1987’nin Mart ayıydı. “Spor ve Sergi’de Fenerbahçe maçı var. BEŞİKTAŞ lider.” dediler; heyecanlandım. Uzun uğraşlardan sonra, o buz gibi soğuk ve iki takım taraftarlarının ikiye böldüğü salonda yerimi aldım. Tanıdığım herkes salondaydı o gün. Beşiktaş benchinin arkasında Süleyman Seba bile vardı. Derbi maçının heyecanından ziyade içeride bir kargaşa vardı. Maçın başındaki tezahüratlar ve karşılıklı atışmalar, ikinci yarı itibariyle yerini, insanların arasındaki konuşmalar ve tartışmalarla salonda yükselen uğultuya bıraktı. Sonradan öğreniyordum ki lider Beşiktaş, bu maçta Fenerbahçe’yi yenerse dokuzuncu, Galatasaray sekizinci olarak play-offa girecek ve sarı-lacivertliler, play-off dışı kalacaktı. Şayet Fenerbahçe bizi yenerse sekizinci olarak play-offa girecek ve Galatasaray, play-off dışı olacaktı. İşte böyle tarihî bir maçla attım adımımı BJK basketboluna. O gün, Fenerbahçe’yi yenip Galatasaray’la eşleşmiştik. Play-off maçlarını da takip ettim ve sonunda Beşiktaş basketbolu da benim için aşk gibi oldu.
Sonra bu aşkla arana mesafeler girmiş...
Beşiktaş basketbolunun beş yıl sürecek düşüşünün başladığı 1987 yazında subay olan üvey babamın tayini Ağrı’nın Eleşkirt ilçesine çıktı. Ben de ailemle oraya gitmek zorunda kaldım. Ama hep aklım takımdaydı. 1987-88 sezonu sonunda küme düşerken ben de ortaokulu bitirdim. Anneme “Ben İstanbul’a anneannemin yanına gitmek ve çalışmak istiyorum.” dedim. O kadar kararlıydım ki bu kararım karşısında annemi çok üzgün ve çaresiz bıraktım. 1988 yazında Beşiktaş’a döndüm.

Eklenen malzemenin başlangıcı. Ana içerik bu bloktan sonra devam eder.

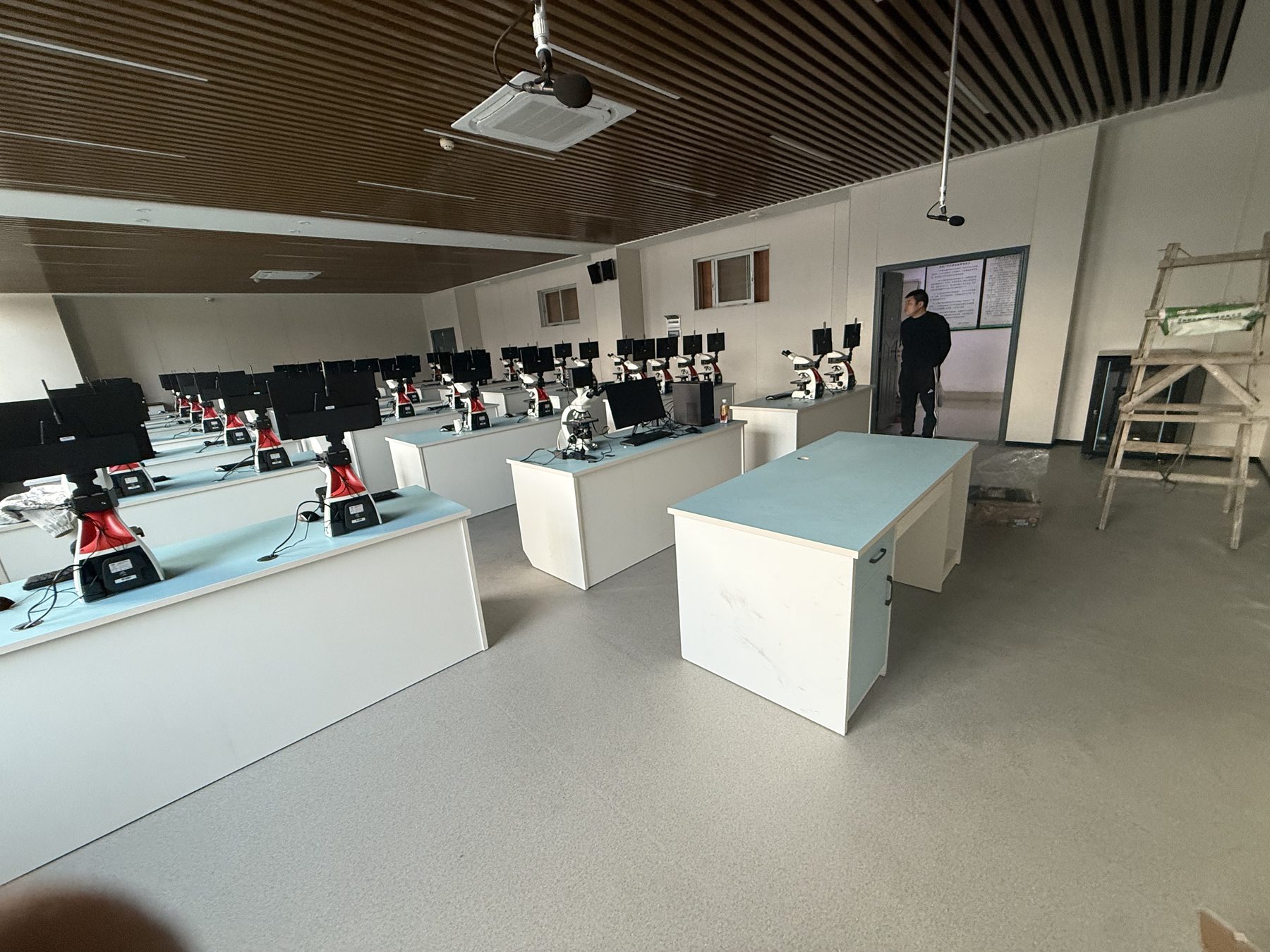Completed instrument teaching laboratory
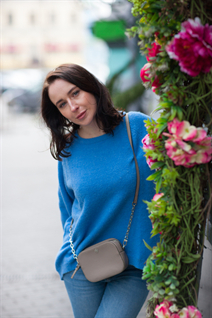Esposa de Ucrania olena de kyiv con pelo Negro y edad 41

İstanbul’a gelince neler yaptın peki?
Nişantaşı, Topağacı’nda, akrabamızın ortağıyla açtığı pizzacı dükkânda işe başladım. Sağım Ahmet Fetgeri Spor Salonu, solum ise Spor ve Sergi Sarayı’ydı. Kazandığım paranın bir kısmını anneanneme veriyor, diğer kısmınıysa basketbol ve futbol maçlarımızın bilet parasına ayırıyordum. Öyle bir an geldi ki Karşıyaka’yla oynanacak futbol maçımız için param yetişmeyince yadigâr bisikletimi satmak zorunda kaldım. Canım anneannem nasıl da ağladı o gün. Öyle bir hırs vardı ki içimde sanki Beşiktaş’ı 1. Lig’e ben çıkaracaktım (gülüyor). Ama öyle de oldu; sezon sonunda 1. Lig’e yükseldik.
Sadece maçları değil, antrenmanları da takip ediyormuşsun...
1989-90 sezonuydu. Bir maçtan sonra salon görevlilerinden birine Beşiktaş’ın nerede idman yaptığını sordum. “Haftanın bir iki günü burada (Spor ve Sergi Sarayı), diğer günler Fulya’daki kendi salonlarında.” cevabını alınca dedektif havasında başladım araştırmalarıma. Spor v e Sergi’nin idman programını ve idman saatlerini öğrendim. Mahalleden, Spor ve Sergi’nin eski gişe görevlisi Nezir Amca'ya derdimi anlattım; idmana girmek istediğimi söyledim. O da bana “Salonda Muzaffer Ağabeyini bul, selamımı söyle, o sana yardım eder.” dedi. Gittim, buldum. Beni aldı, tribüne oturttu. Daha sonra sahaya indi ve Battal Durusel’e beni gösterdi. Battal Ağabey bana bakarak ve gülümseyerek kafasını salladı. O kadar mutluydum ki koca salonda benden başka kimse yoktu. Zaten ondan sonra pizzacıdaki işimi, takıma göre ayarlamaya başladım. Kısa süre sonra da pizzacıdan özür dileyerek ayrıldım. Spor ve Sergi’ye yakın diye Hilton Oteli’nde işe başladım.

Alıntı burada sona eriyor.